Source material:

*** Block opens ***

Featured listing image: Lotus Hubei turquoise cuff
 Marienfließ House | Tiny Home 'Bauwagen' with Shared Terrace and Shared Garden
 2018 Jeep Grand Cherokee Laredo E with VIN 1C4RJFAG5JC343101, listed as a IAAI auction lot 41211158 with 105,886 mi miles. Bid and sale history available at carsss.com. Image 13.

*** Block closes ***

Prompt: Copy each line of the listing that carries the string "with".

Solution for this task:
 Marienfließ House | Tiny Home 'Bauwagen' with Shared Terrace and Shared Garden
 2018 Jeep Grand Cherokee Laredo E with VIN 1C4RJFAG5JC343101, listed as a IAAI auction lot 41211158 with 105,886 mi miles. Bid and sale history available at carsss.com. Image 13.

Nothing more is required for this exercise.